Who Is Berklee's Greatest Alum?
Who is Berklee’s greatest alum? It’s an age-old question, and, of course, an unanswerable one. “There are just too many types of musicians and industry professionals that have passed through Berklee to come up with an easy answer,” says Boston Magazine’s Matthew Reed Baker, who, nevertheless, takes his best shot at the topic in the latest installment of his “One Last Question” series.
There is no shortage of exemplary candidates, Reed explains, from “film and TV composers as varied as Alf Clausen of the The Simpsons and Miami Vice’s Jan Hammer” to ”rock superstars like members of Aerosmith and Imagine Dragons, as well as rock virtuosos such as Annie Clark (a.k.a. St.

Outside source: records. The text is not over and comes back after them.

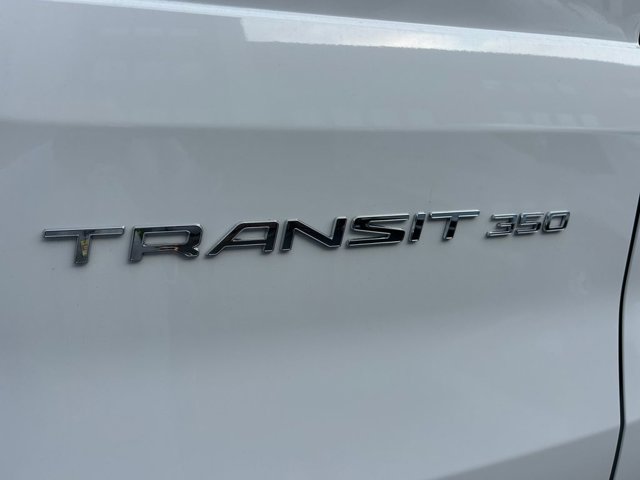New 2025 Ford Transit 350 Medium Roof Empty Cargo Van - photo 20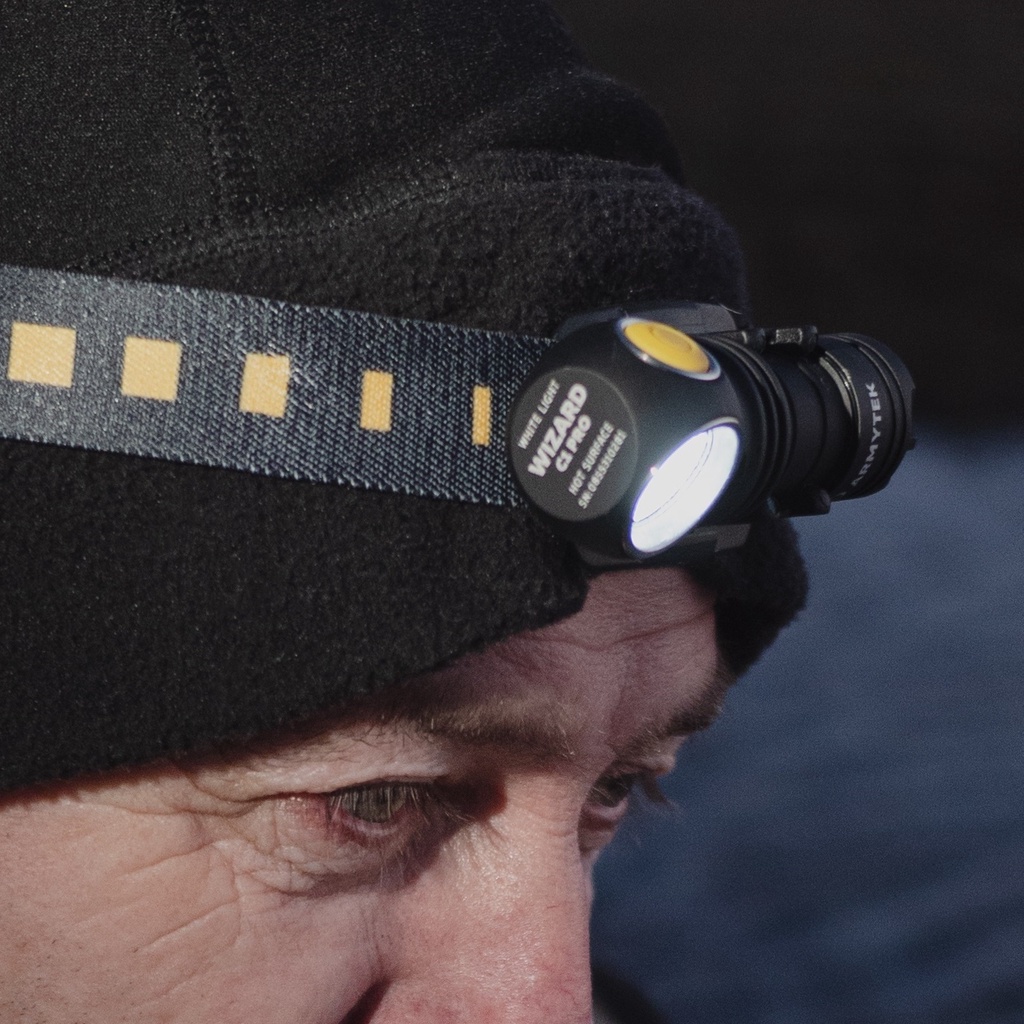 Đèn Pin Armytek Wizard C1 Pro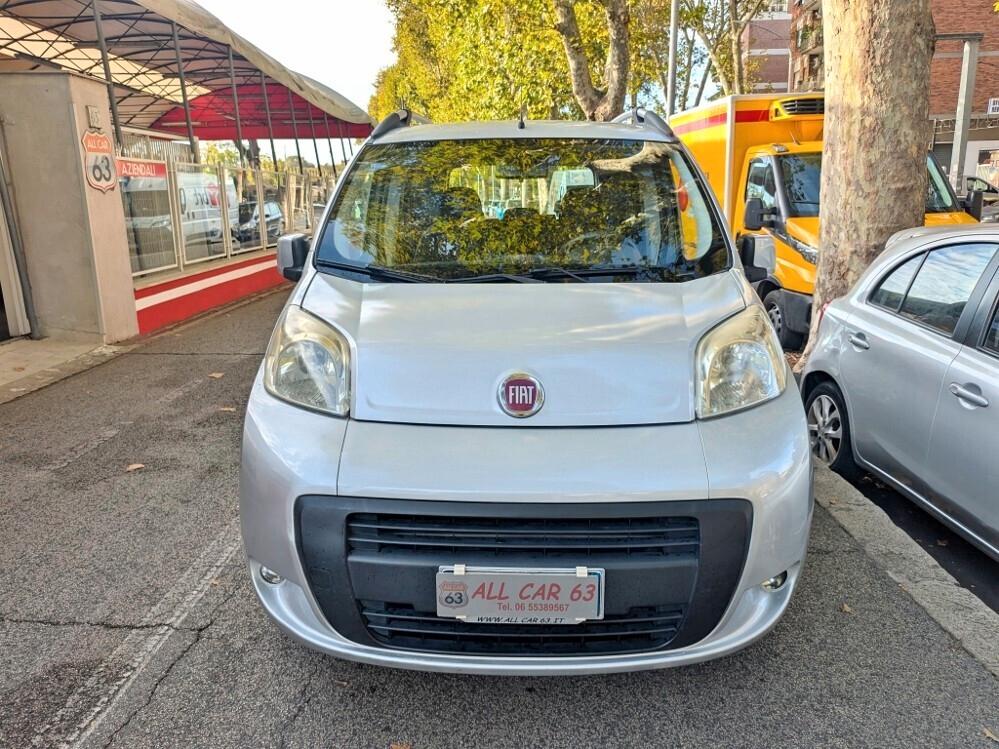 Fiat Qubo 1.4 METANO/BENZINA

Vincent) and the members of Dream Theater.” And that’s not even touching upon the school’s seismic impact in the jazz community, he says. “Think: saxman Branford Marsalis and axeman Bill Frisell, but also folks like pianist Danilo Pérez and drummer Terri Lyne Carrington, both of whom are here in Boston teaching the next generations.”

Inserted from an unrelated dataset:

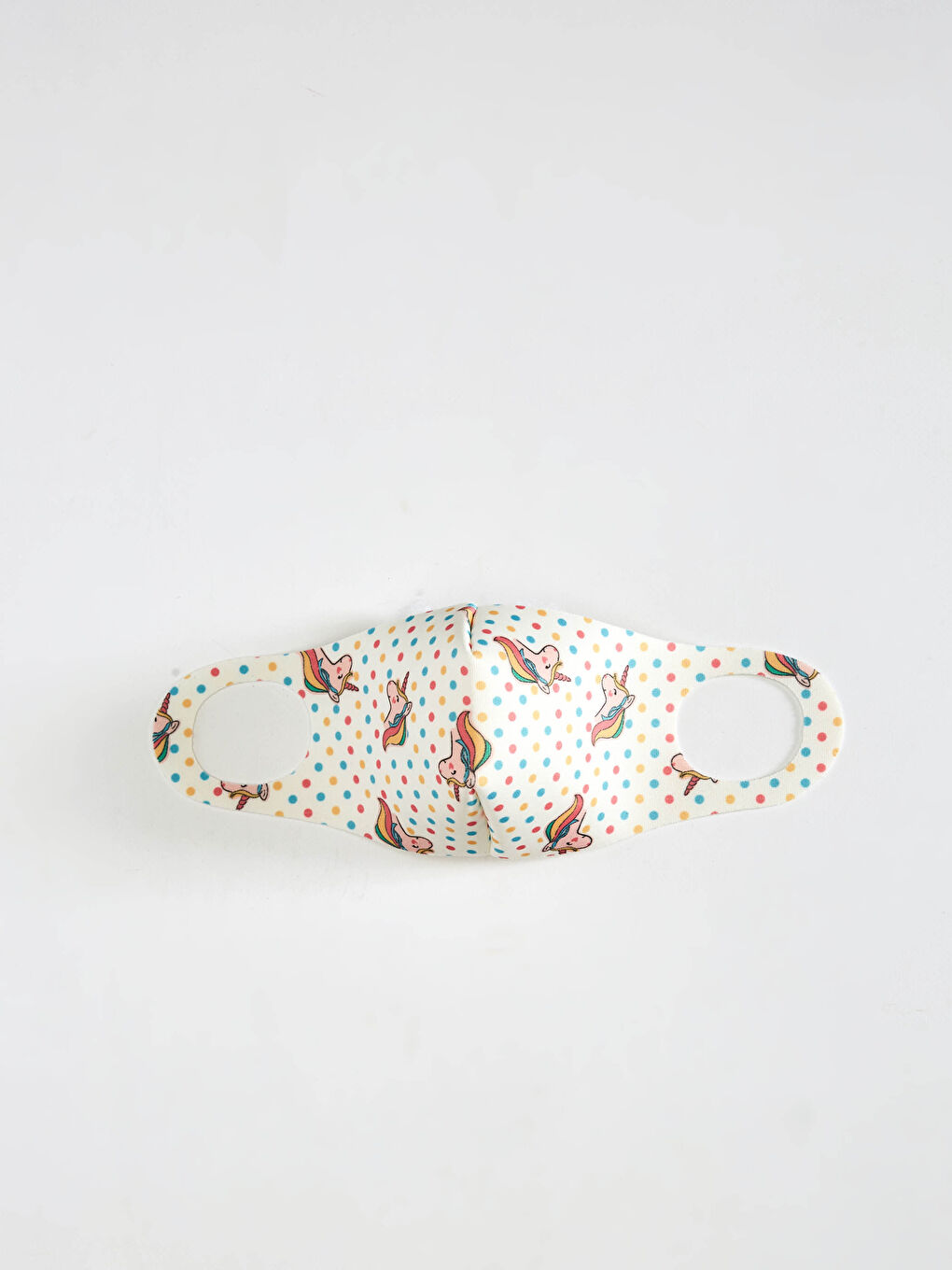 قناع وجه قابل للغسل للبنات الصغيرات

The writer finally arrives at one alumnus from the school’s formative years, who would go on to shape the sound of modern popular music in a staggering array of contexts and roles over the next fifty years: Quincy Jones ’51, Reed contends, is Berklee's greatest alum. He ticks off just a handful of Jones’ most notable accomplishments—“Lionel Hampton’s trumpeter, Frank Sinatra’s arranger, a platinum-selling recording artist, a Hollywood film and TV composer, a record-label owner, and, most famously, the producer of countless colossal hits such as Lesley Gore’s ‘It’s My Party’ and Michael Jackson’s Thriller…I get breathless trying to summarize how many genres and disciplines he has excelled at to become one of popular music’s most vital titans.”